As @Zeta found out, the following is legal C++ code, even I never imagined. The program will crash, due to using an undefined iter.

#include <iostream>
#include <boost/variant.hpp>

int main(int, char**) {
    boost::variant<double, int> v{ 3.2 };
    if (auto iter = boost::get<int>(&v)) {
        std::cout << *iter << std::endl;
    }
    else if( auto iter2 = boost::get<double>(&v)) {
        std::cout << *iter2 << std::endl;
        std::cout << *iter << std::endl;
    }
    return 0;
}

Answer 1

VS is correct.
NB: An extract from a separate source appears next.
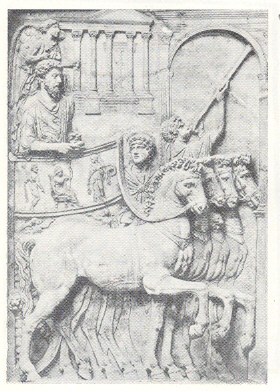 मार्कस ऑरिलियस विजय संपादन केल्यानंतर आपल्या रथातून राजधानीत प्रवेश करतानाचे दृश्य, उत्थित शिल्प, कॅपिटोलाइन संग्रहालय, रोम.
You have two iter at hand:

#include <iostream>
#include <boost/variant.hpp>

int main(int argc, char** args) {
    boost::variant<double, int> v{ 3.2 };
    if (auto iter = boost::get<int>(&v)) {
        std::cout << *iter << std::endl;
    }
    else if( auto iter2 = boost::get<double>(&v)) {
        std::cout << *iter << std::endl; // whoops
    }
}

That's because

if(value = foo()) { 
    bar();
} else { 
    quux();
}

is the same as

{
    value = foo();

    if(value) { 
        bar();
    } else { 
        quux();
    }
}

Note that value is in scope for else. This includes any nested if within the (implicit) else block. You can look this up in C++11's [stmt.select] section, paragraph 3:

… A name introduced by a declaration in a condition (either introduced by the type-specifier-seq or the declarator of the condition) is in scope from its point of declaration until the end of the substatements controlled by the condition. If the name is re-declared in the outermost block of a substatement controlled by the condition, the declaration that re-declares the name is ill-formed. [ Example:

if (int x = f()) {
    int x; // ill-formed, redeclaration of x
}
else {
    int x; // ill-formed, redeclaration of x
}